Donald Trump Wants His Name To Be Disremembered
Entrepreneur, realty show icon and presidential candidate, Donald Trump, usually wants everyone to know his name. But there’s an exception to every rule. Trump Entertainment Resorts Inc. filed for Chapter 11 bankruptcy protection on September 9, 2014. Trump Entertainment has a license from Trump’s licensing company to use Trump’s trademarks. Prior to the bankruptcy, Trump’s licensing company had filed suit to revoke the license because the alleged mismanagement of the Trump Entertainment’s casinos were reducing the value of the Trump trademarks. Trump’s licensing company asked the bankruptcy court to lift the automatic stay to allow it to proceed with the lawsuit. The parties eventually settled. The debtors were allowed to keep using Trump’s name on one of the casinos.
TAKE AWAY: This item is rich with take aways. First, this is a good example of the protections an intellectual property holding company can give the savvy business owner.

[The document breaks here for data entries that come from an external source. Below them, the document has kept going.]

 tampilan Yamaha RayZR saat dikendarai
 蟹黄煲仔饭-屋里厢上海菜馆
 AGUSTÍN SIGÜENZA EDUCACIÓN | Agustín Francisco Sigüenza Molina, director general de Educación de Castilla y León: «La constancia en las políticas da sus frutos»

By having the holding company own the trademarks and then license them out, the trademarks aren’t assets of a bankruptcy estate or vulnerable to execution to satisfy a judgment. Second, the licensing company was able to use quality control as a basis for cancelling its license due to the poor quality of the licensee’s business. Third, the licensing company can continue to license to others without fear that the value of the license will be compromised by a company that’s circling the drain. This last point doesn’t come up directly in this news item but it’s worth bringing up. Many intellectual property licenses identify the filing of a bankruptcy or bad financial condition as an event of default. These default events are unenforceable in bankruptcy.

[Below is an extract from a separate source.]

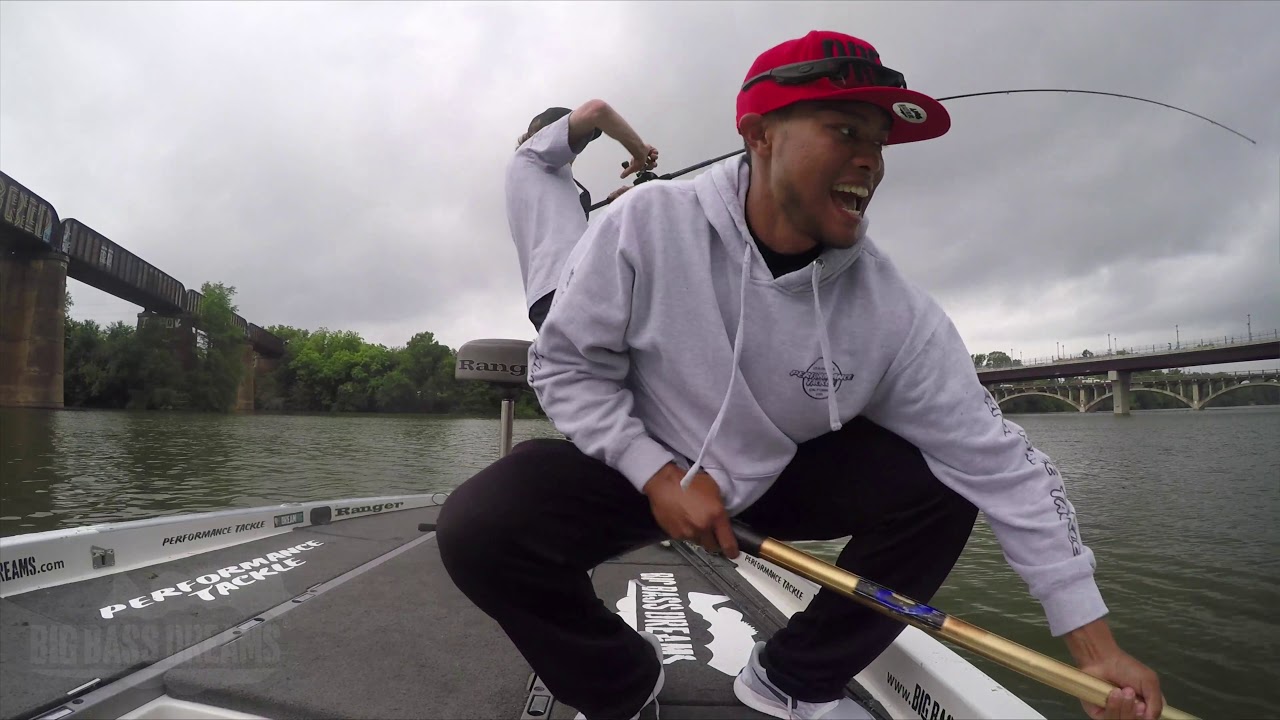 bass fishing at night Texas Slide Swimmer 250 Bass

CONSUMERS CAN’T CONFUSE A FICTIONAL PRODUCT WITH A REAL ONE
The Seventh Circuit Court of Appeals affirmed the dismissal of a trademark infringement suit brought by Fortes Grand Corporation against Warner Brothers. Fortres Grand alleged that the hacking software in the Batman movie, “The Dark Knight Rises” described as ‘clean slate’ caused customer confusion with its trademark “Clean Slate” for its security program. The real problem here is the assumption on Fortes Grand’s part that the consuming public can’t tell the difference between the description of a fictional software program and a real software program.
TAKE AWAY: Trademark infringement that causes customer confusion can devastate sales and reputation. But, when bringing suit, the realities of a situation should be part of the analysis. For instance, the use of a word in its descriptive sense is not automatically an infringement of a trademark that incorporates that descriptive mark. And a fictional software program is not likely to be confused with a real one.
BEASTIE BOYS SLAY MONSTER
No, this isn’t the title of the next superhero movie or video game. It’s a copyright and trademark case. Monster Energy Co. used portions of five Beastie Boys songs in a promotional video without permission. The employee who created the video testified that he had no background in music licensing. He admitted that no one at Monster tried to contact the Beastie Boys to get permission to use the songs. A jury returned a verdict against Monster for copyright infringement and trademark infringement. The court denied Monster’s motion to set aside the verdict in the amount of $1 million in actual damages and $1.2 million in statutory damages stating, “[a]s the Beastie Boys’ counsel noted in closing argument, Monster, at the time, did not perform any training of employees related to the use of copyrighted or trademarked content; it therefore left [the Monster employee] to his own devices in producing the video.”
TAKE AWAY: The operative question is: Would the outcome have been different if the employee had been properly trained to conduct due diligence and get licenses? Had the proper due diligence been done and permissions obtained, Monster would never have been sued in the first place. Best practices manuals can help. But nothing can substitute for holding training sessions that explain the law and the process for proper licensing. Any business that needs or wants to use someone else’s content, including photos, articles, blog entries, drawings, etc. should remember the lesson learned by Monster (hopefully). On an interesting side note, Monster is infamous for aggressively protecting its own trademark. It has probably filed more oppositions to trademark registrations than any other company.